Revver's asking price is between $300,000 and $500,000, as well as the assumption of the company's debt, which is in the $1 million range, said two sources with knowledge of the negotiations. The sum is tiny considering that the Los Angeles-based Revver raised $12.7 million in venture funding.

The blog Contentinople reported last month that LiveUniverse, a network of entertainment Web sites owned by MySpace founder Brad Greenspan, had agreed to acquire the site.

The deal never materialized.
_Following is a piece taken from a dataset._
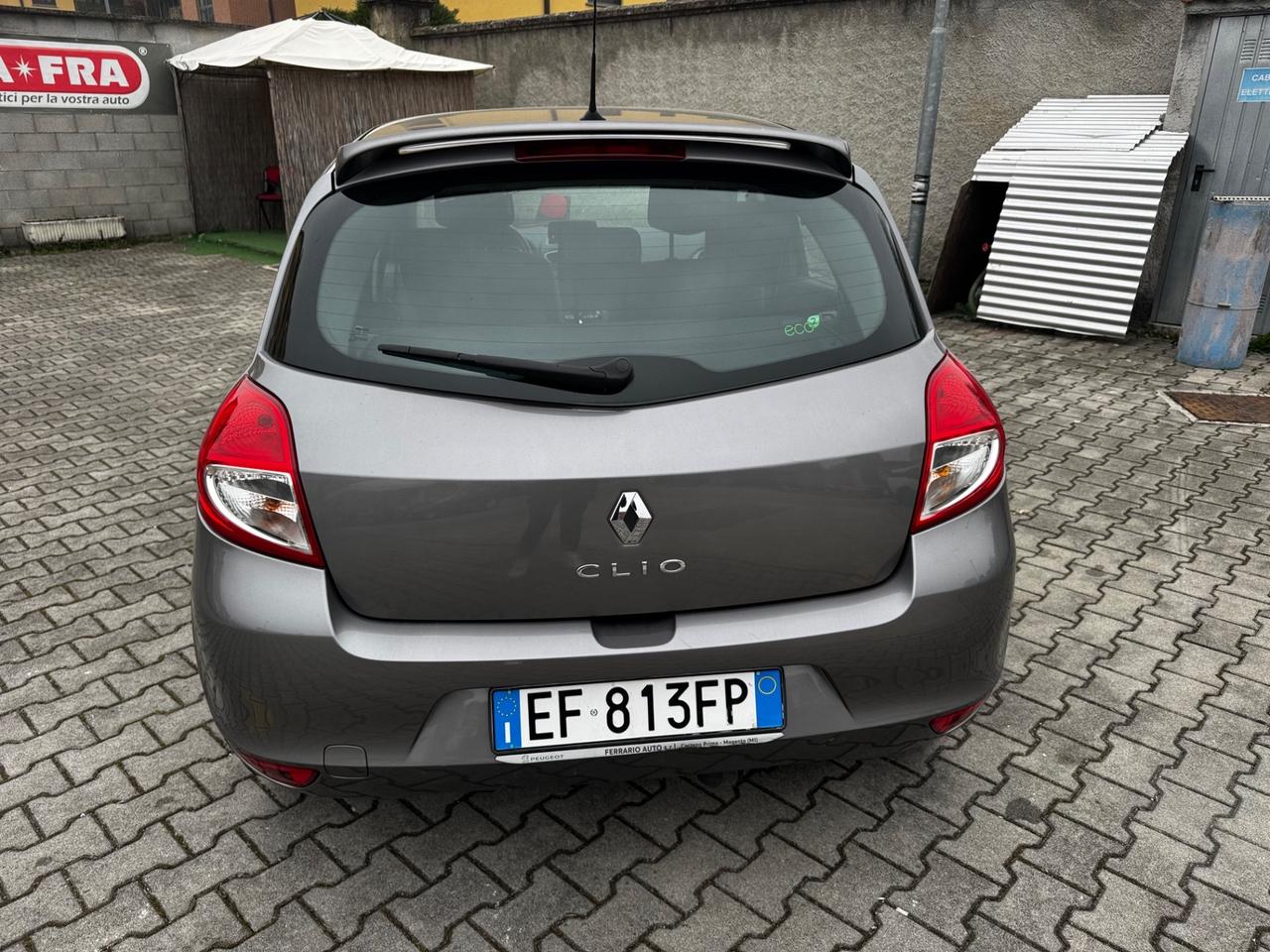 Renault Clio 1.5 dCi 85CV 5 porte con GANCIO TRAINO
A source with knowledge of the negotiations said talks stalled when Greenspan began "trying to drive down the price" and "that Revver's debt was an issue."

In response to questions from CNET News.com, Angela Gyetvan, Revver's vice president of marketing, said: "I'm not at liberty to discuss any of this with you. I can't comment."

Mark Elfenbein, LiveUniverse's chief operating officer also declined to comment.

Revver gained some notoriety in 2006 when video-sharing became a worldwide craze. YouTube dominated the sector but Revver tried carving out a niche by catering to videographers.

The company, backed by such investors as Draper Fisher Jurvetson, Bessemer Venture Partners, and William Randolph Hearst III, offered to share advertising revenue with makers of the most popular clips. The thinking at the company was that if Revver could win over the best creators, audiences would follow.

That's not what happened. Revver has yet to draw an audience big enough to make it one of the leading video-sharing sites. What it has done well is attract a small but talented group of video producers, the sources said.

"Their (producer) community is loyal to them," said one of the sources. "Otherwise, I don't know that they are worth much."

This is not the first time that Revver has entertained potential buyers. A year ago, News.com reported that representatives from Microsoft's video-sharing site Soapbox had toured Revver's offices on Sunset Boulevard. A source said at the time that Microsoft didn't appear to be interested.